_Action item_:
All entries must be repeated exactly; do not include the pictures.

[Short web captions]
== Segment start ==

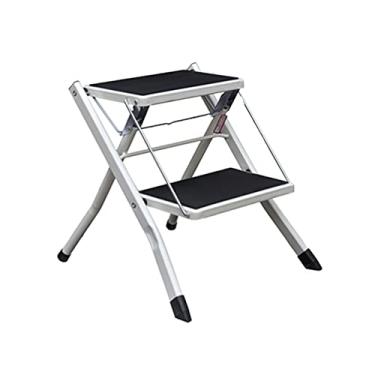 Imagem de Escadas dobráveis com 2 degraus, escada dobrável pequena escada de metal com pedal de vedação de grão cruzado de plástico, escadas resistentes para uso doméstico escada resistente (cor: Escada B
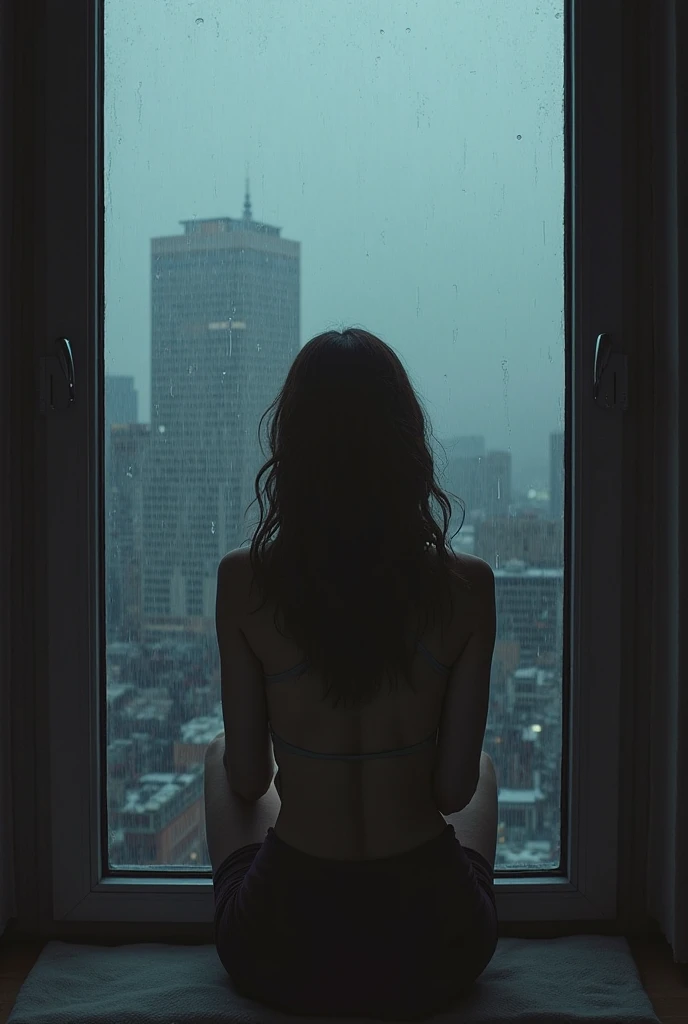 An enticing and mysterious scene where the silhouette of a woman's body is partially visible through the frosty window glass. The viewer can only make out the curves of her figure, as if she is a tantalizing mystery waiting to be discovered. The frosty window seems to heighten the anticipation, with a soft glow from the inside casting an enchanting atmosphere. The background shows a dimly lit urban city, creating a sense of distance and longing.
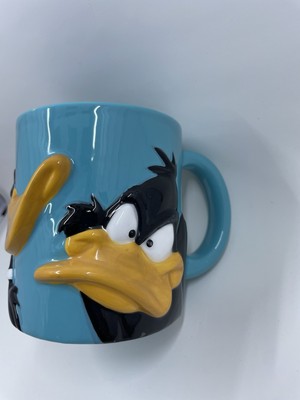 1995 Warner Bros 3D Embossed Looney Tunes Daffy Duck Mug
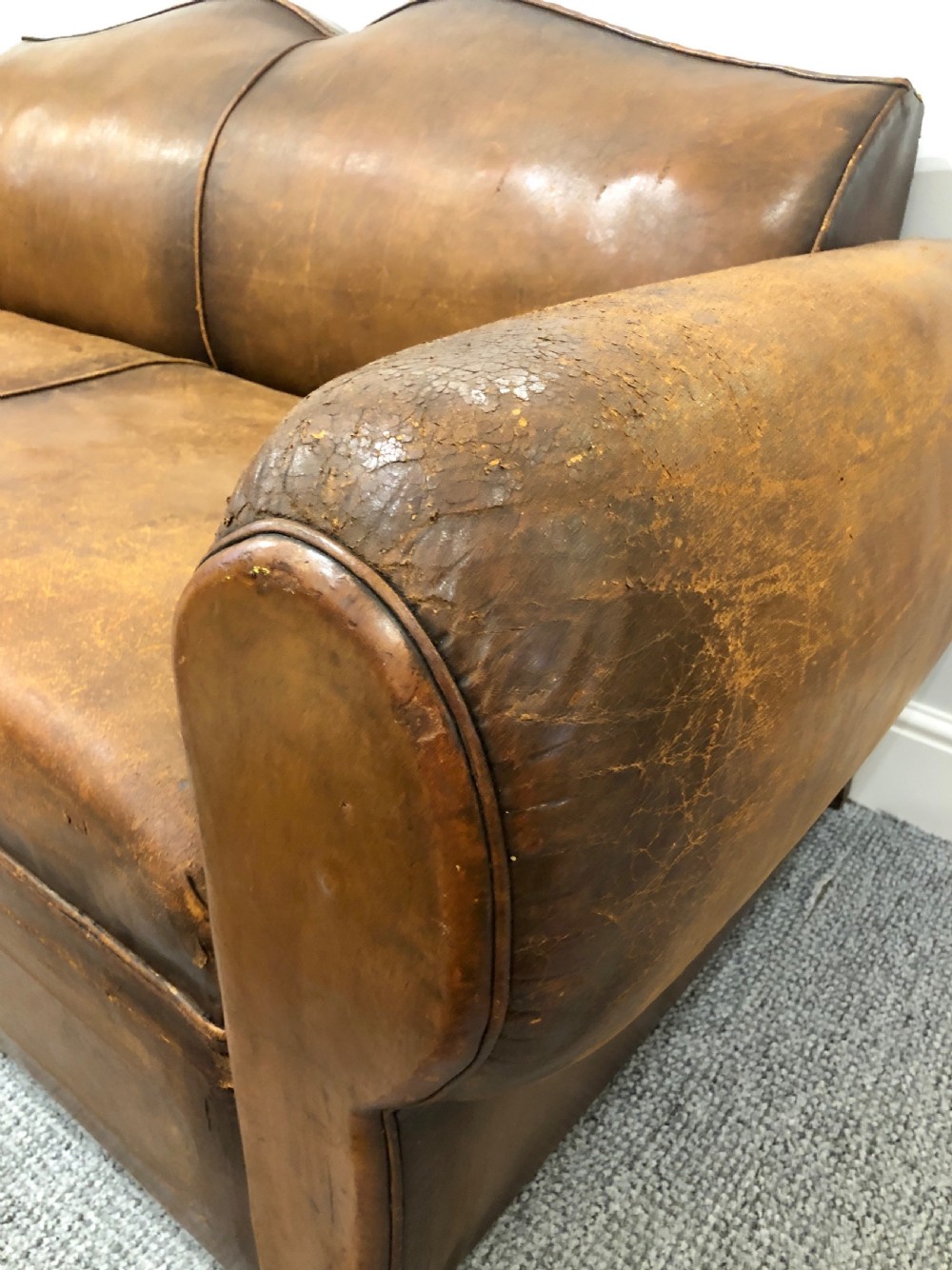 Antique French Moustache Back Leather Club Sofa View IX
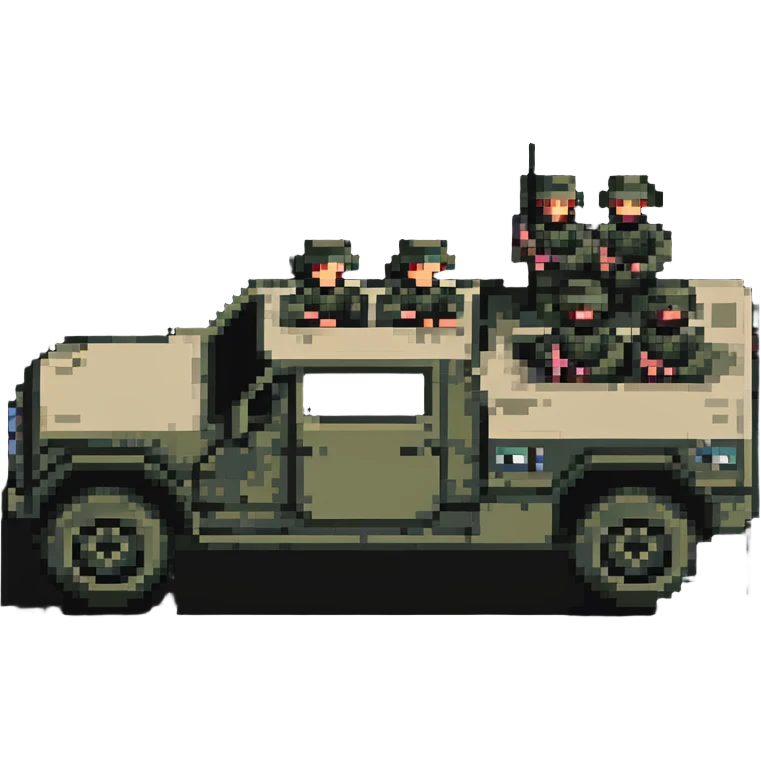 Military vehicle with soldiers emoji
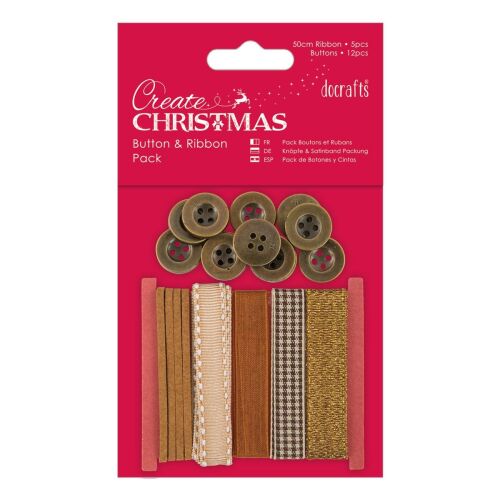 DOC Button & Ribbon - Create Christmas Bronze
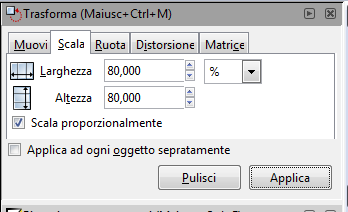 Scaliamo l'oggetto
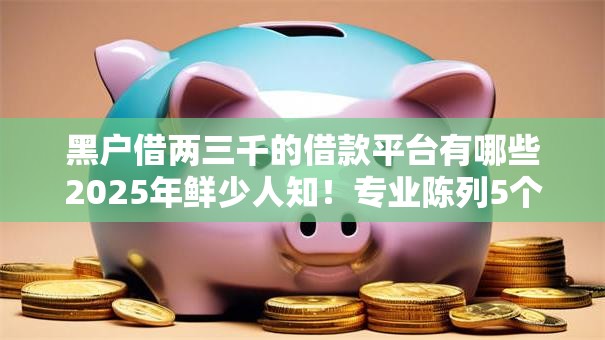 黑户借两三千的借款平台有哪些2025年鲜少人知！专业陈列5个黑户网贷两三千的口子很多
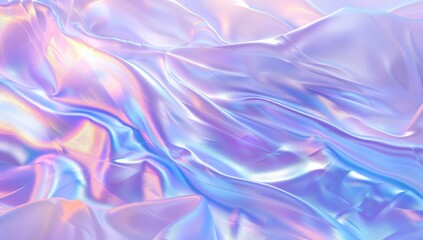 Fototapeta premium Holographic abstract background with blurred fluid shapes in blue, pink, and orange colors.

== Segment end ==

_Task solution_:
 Imagem de Escadas dobráveis com 2 degraus, escada dobrável pequena escada de metal com pedal de vedação de grão cruzado de plástico, escadas resistentes para uso doméstico escada resistente (cor: Escada B
 An enticing and mysterious scene where the silhouette of a woman's body is partially visible through the frosty window glass. The viewer can only make out the curves of her figure, as if she is a tantalizing mystery waiting to be discovered. The frosty window seems to heighten the anticipation, with a soft glow from the inside casting an enchanting atmosphere. The background shows a dimly lit urban city, creating a sense of distance and longing.
 1995 Warner Bros 3D Embossed Looney Tunes Daffy Duck Mug
 Antique French Moustache Back Leather Club Sofa View IX
 Military vehicle with soldiers emoji
 DOC Button & Ribbon - Create Christmas Bronze
 Scaliamo l'oggetto
 黑户借两三千的借款平台有哪些2025年鲜少人知！专业陈列5个黑户网贷两三千的口子很多
 Fototapeta premium Holographic abstract background with blurred fluid shapes in blue, pink, and orange colors.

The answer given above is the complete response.